Back in the day, no home was complete without the ubiquitous steel Godrej Storwel that held a family’s most valuable possessions. We take you on the brand’s long journey
Of all the jingles that I remember from my childhood, the Godrej Storwel tune is distinctly clear in my head. A young couple is getting married and they are gifted a Godrej Storwel wardrobe. The ad ends with them putting their belongings away in the new wardrobe, a metaphor for a lifetime of togetherness- but make no mistake, this is a love story of three- the couple and their Godrej Storwel wardrobe because a Storwel purchase was meant for life.
The history of the Storwel dates back to 1923, when Godrej started making steel wardrobes.
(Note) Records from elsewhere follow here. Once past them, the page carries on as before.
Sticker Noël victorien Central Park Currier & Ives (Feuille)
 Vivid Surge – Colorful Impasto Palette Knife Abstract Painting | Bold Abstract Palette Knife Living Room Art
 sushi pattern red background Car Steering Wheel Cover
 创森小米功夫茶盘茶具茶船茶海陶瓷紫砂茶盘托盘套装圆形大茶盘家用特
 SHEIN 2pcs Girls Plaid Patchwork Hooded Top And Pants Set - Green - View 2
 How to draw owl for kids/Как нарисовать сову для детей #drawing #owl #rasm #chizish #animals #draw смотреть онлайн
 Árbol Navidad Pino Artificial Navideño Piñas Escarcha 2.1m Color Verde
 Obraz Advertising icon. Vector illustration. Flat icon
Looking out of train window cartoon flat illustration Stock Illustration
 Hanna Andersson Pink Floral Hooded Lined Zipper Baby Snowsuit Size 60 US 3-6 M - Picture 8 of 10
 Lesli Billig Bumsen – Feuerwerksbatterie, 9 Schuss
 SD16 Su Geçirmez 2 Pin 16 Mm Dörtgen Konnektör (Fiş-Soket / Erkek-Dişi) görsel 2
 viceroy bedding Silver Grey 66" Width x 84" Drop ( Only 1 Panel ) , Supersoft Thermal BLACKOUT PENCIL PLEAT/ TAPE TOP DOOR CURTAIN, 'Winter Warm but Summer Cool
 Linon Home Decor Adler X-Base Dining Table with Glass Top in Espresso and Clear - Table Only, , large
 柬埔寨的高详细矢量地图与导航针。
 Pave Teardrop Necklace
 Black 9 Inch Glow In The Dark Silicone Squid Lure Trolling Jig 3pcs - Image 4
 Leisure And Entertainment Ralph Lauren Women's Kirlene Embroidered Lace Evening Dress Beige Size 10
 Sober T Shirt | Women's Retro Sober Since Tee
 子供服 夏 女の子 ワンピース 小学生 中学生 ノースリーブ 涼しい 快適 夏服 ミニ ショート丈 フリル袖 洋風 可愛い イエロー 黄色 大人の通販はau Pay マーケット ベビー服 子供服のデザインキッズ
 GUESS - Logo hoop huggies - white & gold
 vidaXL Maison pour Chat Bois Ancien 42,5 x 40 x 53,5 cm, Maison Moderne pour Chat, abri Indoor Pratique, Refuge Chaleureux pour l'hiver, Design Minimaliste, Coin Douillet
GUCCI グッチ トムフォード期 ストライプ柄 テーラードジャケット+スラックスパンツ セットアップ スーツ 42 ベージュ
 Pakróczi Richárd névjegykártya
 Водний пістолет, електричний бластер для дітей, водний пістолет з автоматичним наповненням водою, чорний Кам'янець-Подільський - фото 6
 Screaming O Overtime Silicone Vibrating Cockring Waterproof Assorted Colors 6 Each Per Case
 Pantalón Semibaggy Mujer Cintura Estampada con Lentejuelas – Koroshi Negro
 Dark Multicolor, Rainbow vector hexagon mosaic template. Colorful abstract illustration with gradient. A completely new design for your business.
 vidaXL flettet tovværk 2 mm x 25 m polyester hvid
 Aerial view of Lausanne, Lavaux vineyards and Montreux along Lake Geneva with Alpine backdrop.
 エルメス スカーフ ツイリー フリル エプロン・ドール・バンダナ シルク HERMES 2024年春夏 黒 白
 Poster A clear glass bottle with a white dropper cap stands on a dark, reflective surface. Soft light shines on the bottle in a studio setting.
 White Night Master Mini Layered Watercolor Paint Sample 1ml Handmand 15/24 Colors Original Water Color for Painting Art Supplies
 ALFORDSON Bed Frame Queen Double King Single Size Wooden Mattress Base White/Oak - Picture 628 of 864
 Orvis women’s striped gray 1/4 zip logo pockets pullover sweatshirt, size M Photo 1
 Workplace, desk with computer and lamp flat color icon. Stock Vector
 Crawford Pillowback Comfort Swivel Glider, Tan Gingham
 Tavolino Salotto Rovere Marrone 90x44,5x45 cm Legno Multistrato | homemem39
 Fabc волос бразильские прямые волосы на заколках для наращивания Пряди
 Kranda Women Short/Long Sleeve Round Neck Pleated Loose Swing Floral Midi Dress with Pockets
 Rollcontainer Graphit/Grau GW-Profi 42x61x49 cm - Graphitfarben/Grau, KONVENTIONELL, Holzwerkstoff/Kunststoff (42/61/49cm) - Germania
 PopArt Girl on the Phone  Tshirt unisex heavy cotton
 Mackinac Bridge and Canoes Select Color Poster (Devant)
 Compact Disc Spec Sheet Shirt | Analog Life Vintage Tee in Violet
The company had tasted success with selling locks and safes, and were pitching these as Safe-Cabinets. Wooden cupboards prevailed at the time, so the sales pitch positioned them as thief-proof, vermin-proof and cheap. They were also multi-purpose and could be used for houses, offices and shops alike. Fire resistant versions were introduced in the 1930s.
The Safe-Cabinet was rebranded as Storwel by the early 1950s and seen as an insurance against theft. Ads at the time pitched them accordingly with lines like “Godrej Storwel baffles burglars” and “You cannot do better than Storwel.” By the 60s, the Storwel brand had diversified into office furniture. The appearance of the Storwel remained largely unchanged until the 2000s, when subtle changes were made. The thickness of the overall steel gauge was reduced and the creaking sound that was synonymous with opening the closet doors was eliminated. It is a testament to the product’s iconic nature that Godrej has not advertised the Storwel wardrobe in the last 15 years.
A wider choice of colours was made available to customers in the last decade. While wooden furniture has certainly invaded a large chunk of the wardrobe market, the Storwel retains its popularity. A company spokesperson shared that the south and east of India remain the biggest markets for Storwel, a place where people sometimes get a wooden shell installed, and fit a steel Storwel closet inside. I have seen this bizarre anecdote played out when I visited a home in Kerala a few years ago.
Today, it may be a tougher market for the iconic wardrobe, with lighter wooden furniture pieces, which can be dismantled and are easier to move around, but the brand equity of the classic Godrej Storwel remains unquestioned.